First take product along axis 3. This will just return an array of what were the non-zero nucleotide probibilties ($\prod_{k}$).

In [190]:
prod = X * psi_1.T
prod_3 = prod.prod(axis=3)
prod_3.shape

(357, 38, 8)

In [192]:
prod[0][0]  # one motif

array([[0.1752402 , 0.        , 0.        , 0.        ],
       [0.        , 0.13732127, 0.        , 0.        ],
       [0.04151508, 0.        , 0.        , 0.        ],
       [0.        , 0.        , 0.        , 0.16145532],
       [0.        , 0.        , 0.        , 0.14845187],
       [0.        , 0.        , 0.        , 0.06785852],
       [0.        , 0.        , 0.        , 0.10579959],
       [0.        , 0.15758928, 0.        , 0.        ]])

Then take the product along axis 2 of this new array. This is the product for each motif ($\prod_{p}$)

In [193]:
prod_3.prod(axis=2).shape

(357, 38)

Combine into one operation.

In [202]:
prod_pk_psi_1 = (X * psi_1.T)
prod_pk_psi_1[prod_pk_psi_1 == 0] = 1

prod_pk_psi_1 = np.log(prod_pk_psi_1)
prod_pk_psi_1[prod_pk_psi_1 == 0] = 1

n1 = prod_pk_psi_1.prod(axis=3).prod(axis=2)
n1.shape

(357, 38)

In [211]:
prod_pk_psi_0 = (X * psi_0.T)
prod_pk_psi_0[prod_pk_psi_0 == 0] = 1

prod_pk_psi_0 = np.log(prod_pk_psi_0)
prod_pk_psi_0[prod_pk_psi_0 == 0] = 1
n2 = prod_pk_psi_0.prod(axis=3).prod(axis=2)
n2.shape

(357, 38)

In [206]:
prod_pk_psi_0

array([[[[-1.68987363,  1.        ,  1.        ,  1.        ],
         [ 1.        , -3.27685747,  1.        ,  1.        ],
         [-2.80740439,  1.        ,  1.        ,  1.        ],
         ...,
         [ 1.        ,  1.        ,  1.        , -1.48378766],
         [ 1.        ,  1.        ,  1.        , -2.86825398],
         [ 1.        , -1.29040552,  1.        ,  1.        ]],

        [[ 1.        , -2.98937012,  1.        ,  1.        ],
         [-2.2188133 ,  1.        ,  1.        ,  1.        ],
         [ 1.        ,  1.        ,  1.        , -1.27827188],
         ...,
         [ 1.        ,  1.        ,  1.        , -1.48378766],
         [ 1.        , -2.25069662,  1.        ,  1.        ],
         [ 1.        ,  1.        , -1.65146286,  1.        ]],

        [[-1.68987363,  1.        ,  1.        ,  1.        ],
         [ 1.        ,  1.        ,  1.        , -3.09299619],
         [ 1.        ,  1.        ,  1.        , -1.27827188],
         ...,
         

## M step

Quon says $\boldsymbol{E}[C_{i,j}] = P(C_{i} = j | X_{i}, \theta)$

He also gives what $\boldsymbol{E}[C_{i,j}] = P(C_{i} = j | X_{i}, \theta)$ equals to in the E step (shown in the image below.)

![](e.png)

### $\lambda_{j}$

Take sum of all values at each index $i$ over vector $C_{i, j}$ which would store prob each $j$ (each motif) being the transcription factor binding site and divide this value by the number of sequences $N$.
- Would this not always just sum to 1? And therefore $\lambda_{j}$ is basically fixed at 1 over the number of sequences?

### $\psi^{1}_{p, k}$

- How does taking a sum over $i$ for $C_{i, j}$look compared to taking a sum over $i$ and $j$?

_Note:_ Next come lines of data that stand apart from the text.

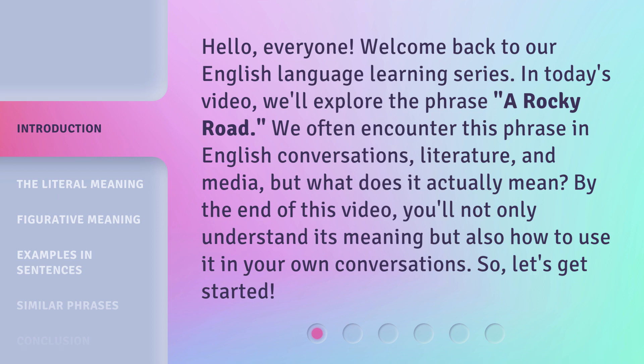We often encounter this phrase in English conversations, literature, and media. But what does it actually mean? By the end of this video, you'll not only understand its meaning, but also how to use it in your own conversations. So, let's get started.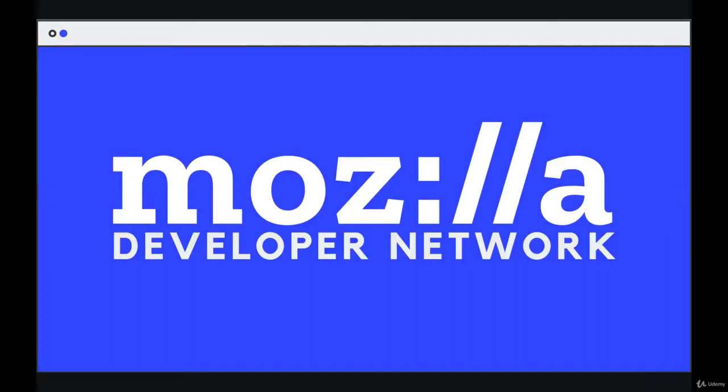One more thing before we really get rolling here, I want to talk about a website called MDN, Mozilla Developer Network.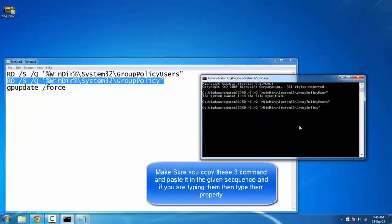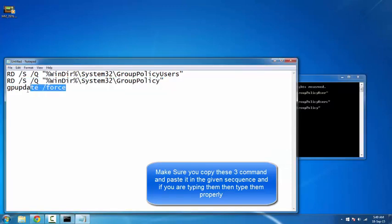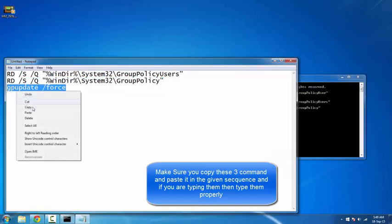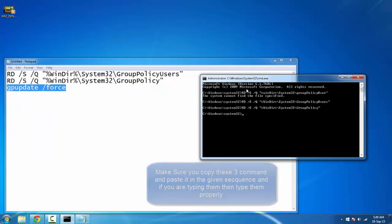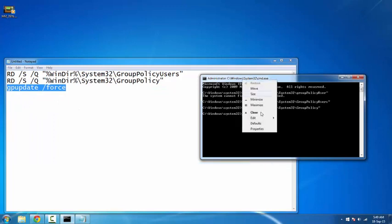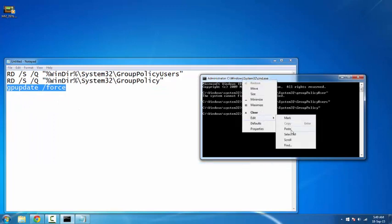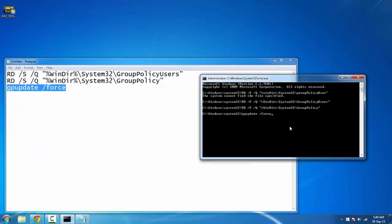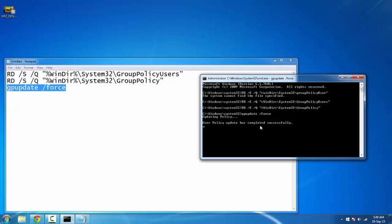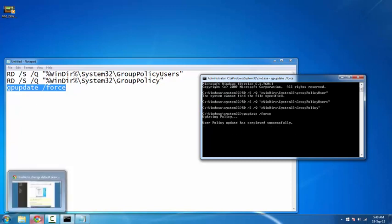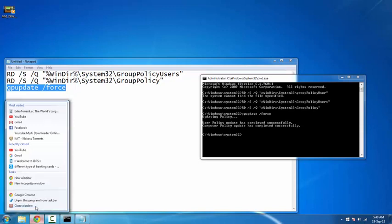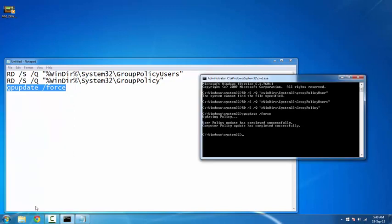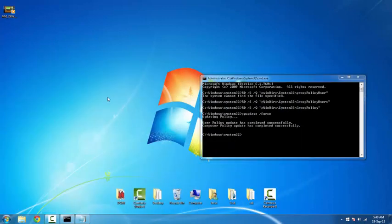And hit enter. And then it's line that is G update space source less force. And again copy in the same way and paste in the same way and hit enter. And you see it's updating policy, that means it's working. And user policies updated has completed successfully, that means the work is done. You just close it.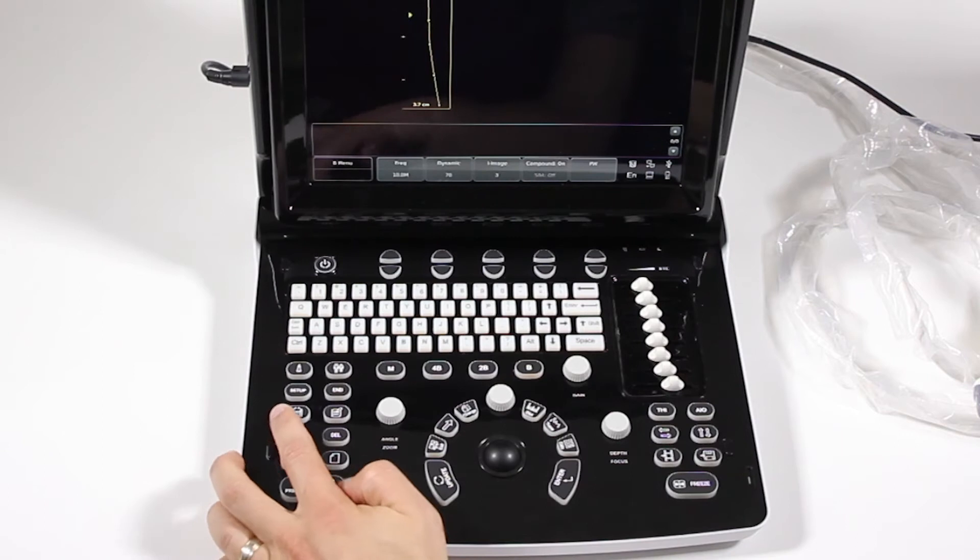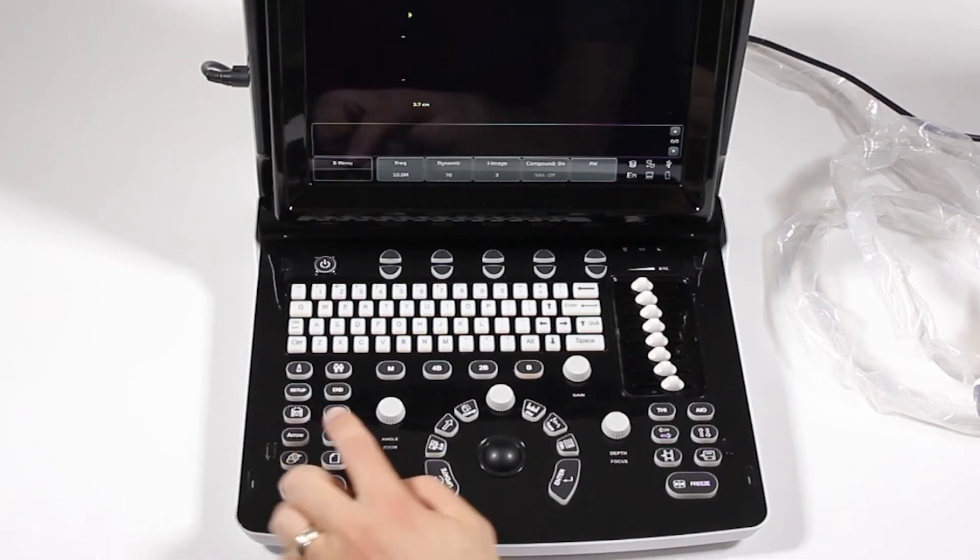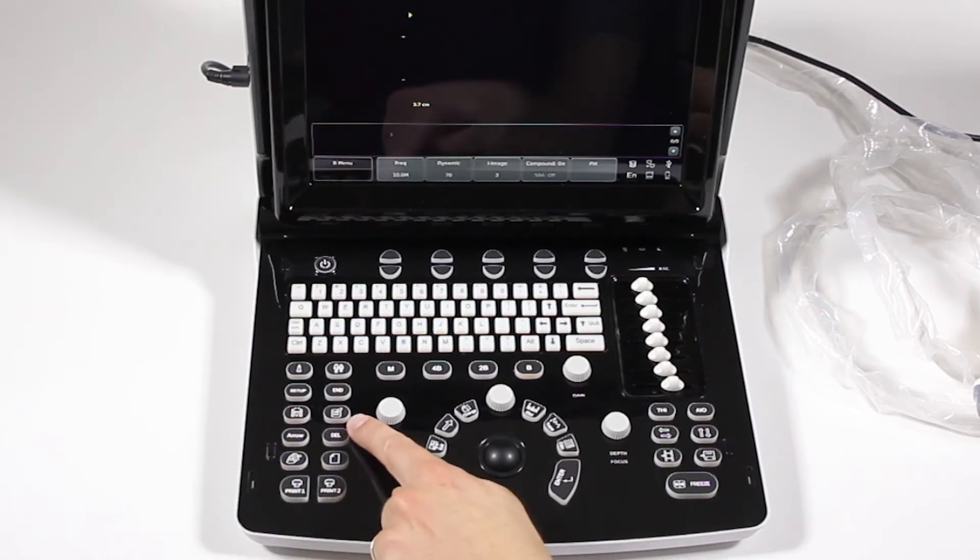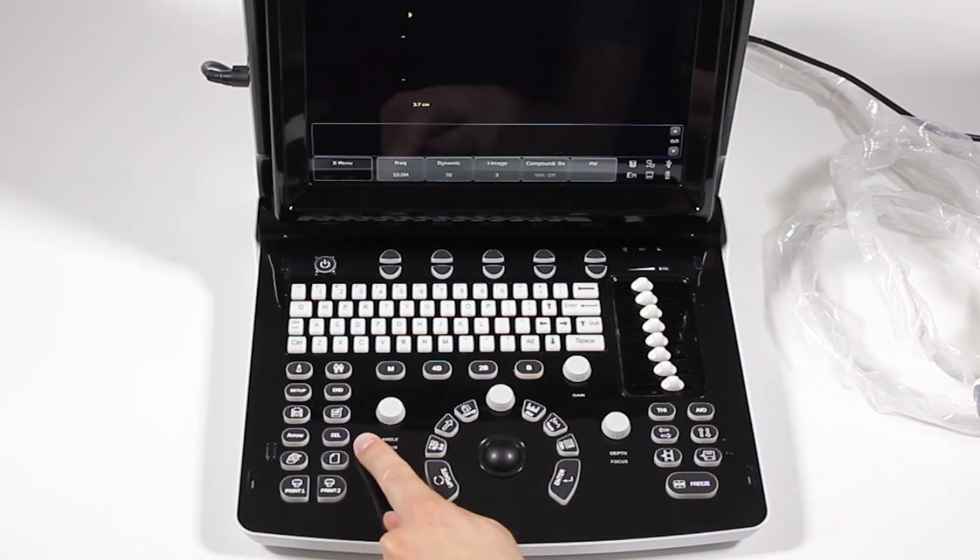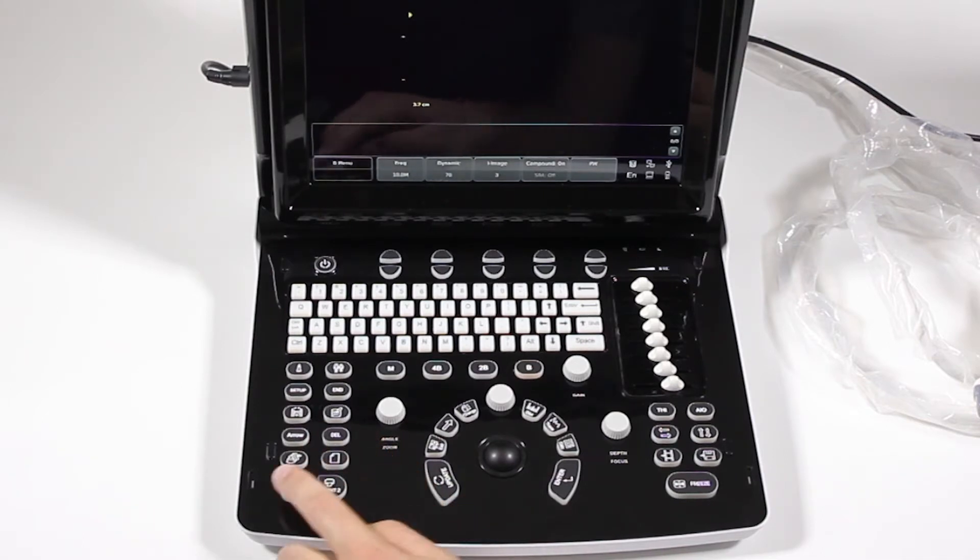End is for end exam. We have a body marker. We have a comments button, an arrow for putting an arrow on screen, delete for deleting comments and measurements.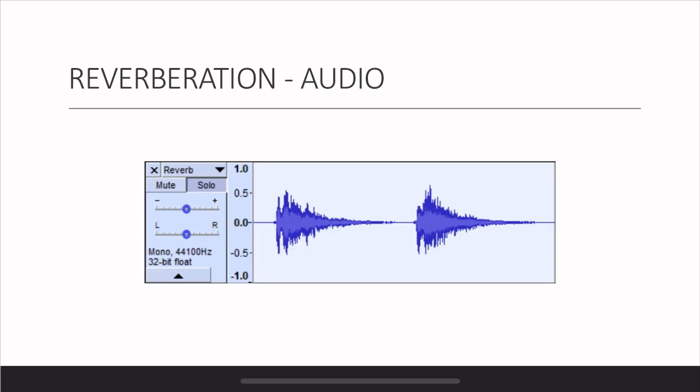Let's perceive how reverberation sounds. I spoke the word 'hello' twice and then applied reverberation effects. You can listen to it: Hello. Hello. If you listen carefully, you can't clearly hear the word hello — it's just muffled. That's because all the reflections are mixing with the original sound and creating one prolonged sound.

Product of indicator variables for a given motif (For example the matrix at `X[0][0]`) and the expectation at that motif calculated during the E step. Then take a sum overall all those values and divide by the number of sequences.

### $\psi^{0}_{p, k}$

Seems pretty much like other $\psi$ but add some subtractions and change the denominator to the number of sequences times the number of possible motifs.